Irgendwann kommt man auf die scheinbar unsinnigsten Ideen.

Einen glatten Rumpf bei einem fast hundert Jahre alten Schiff, das geht doch nicht... der muss genietet werden. Klar, das kann doch nicht das Problem sein, oder doch?

Außerdem finde ich das scheinbare Chaos der zahllosen ''Knubbel'' faszinierend, was sich natürlich bei näherer Betrachtung als ein geordnetes System herausstellt und letztendlich ringt es mir eine gehörige Portion Respekt gegenüber einem alten traditionellen Schiffbauhandwerk ab.

Also galt es, die Art und Weise der Nietung am Original zu studieren.

Hier am Beispiel des Dampfschlepper Saturn.

Der Rumpf besteht aus fünf Plattengängen pro Seite. Jeder Plattengang ist aus mehreren hintereinanderliegenden Einzelplatten auf Stoß aneinandergesetzt.

Vom Schanzkleid in Richtung Kiel gibt es drei aufgesetzte Plattengänge, sieht so ein bisschen aus, als ob Streifen aufgebracht sind.

Die Platten sind jeweils einfach mit den Spanten vernietet, mindestens eine Doppelreihe verbindet die Plattenstöße und längs, entlang der Plattengangüberlappung, liegt Niet an Niet nebeneinander.

Die Enden der Plattengänge sind so gebogen, dass sie mit einer Doppelreihe fest am Kiel und Steven vernietet sind.

Dabei handelt es sich um Flachniete.

Nun zur Imitation am Modell. Den Rumpf einfach mit Niete zu spicken, erschien mir zu simpel, wenn schon denn schon. Also mussten die Plattengänge nachträglich auf den Rumpf aufgesetzt werden.

Es wurde ein Nietplan gezeichnet, um die Anzahl der Niete zu ermitteln.
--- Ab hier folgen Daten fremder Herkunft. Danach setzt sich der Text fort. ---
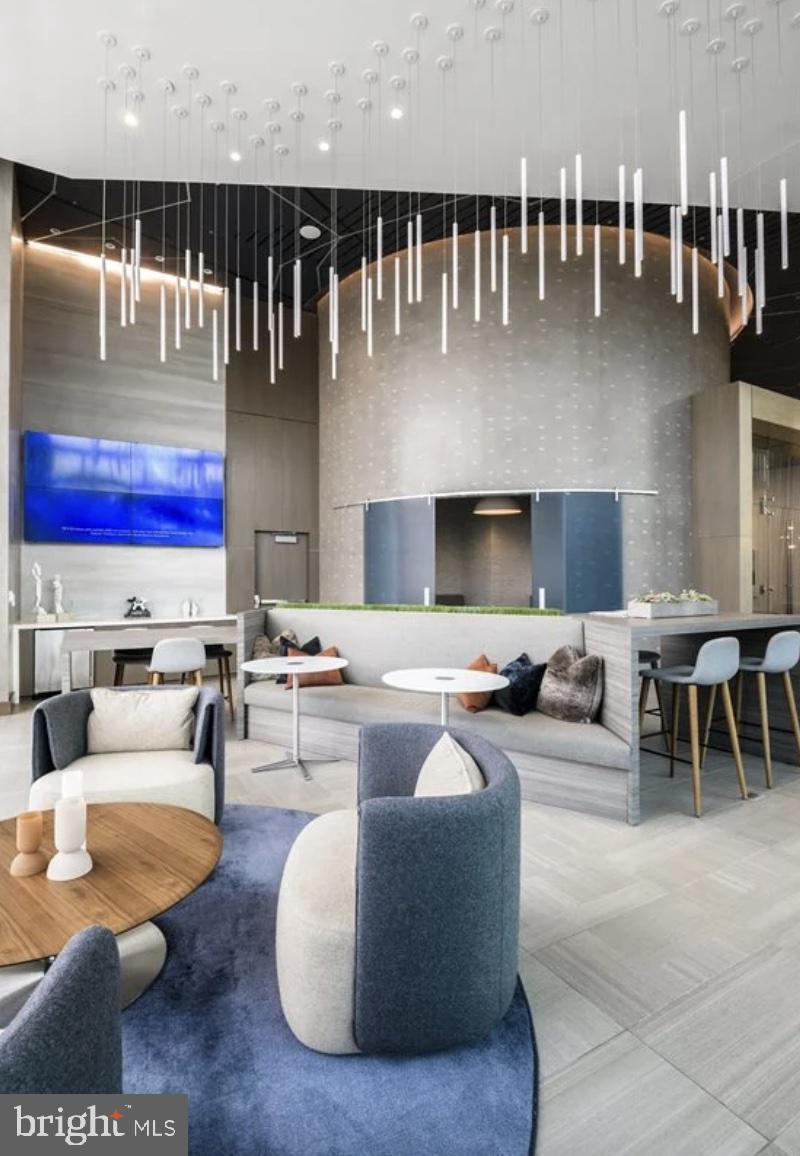 400 Army Navy Drive Dr Unit: 1821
Dann stand ich vor dem Problem, wie fertigt man solche Niete oder was kann als Nietimitat genutzt werden. Nach einigem Hin und Her schienen Stecknadeln eine gute Wahl zu sein. Abgeflachte Halbrundköpfe, etwa 1,7 mm Kopfdurchmesser, ja, das könnte gehen.

Aber es so richtig überzeugt mich das Ergebnis erster Testversuche nicht. Die Nadelköpfe waren nicht immer ganz mittig auf dem Nagelschaft, hatten teilweise einen unterschiedlichen Durchmesser und die Unterkante des Kopfes war nicht plan, sprich keine scharfe Aufsatzkante.

Also weitersuchen und im Internet recherchieren. So fand ich die Homepage von GHW Modellbauversand. Hier wurden entsprechend passende Niete angeboten, allerdings für etwa 5 Cent Stückpreis. Ich müsste als gut mit 200 Euro Investitionskosten rechnen, das war nicht haltbar.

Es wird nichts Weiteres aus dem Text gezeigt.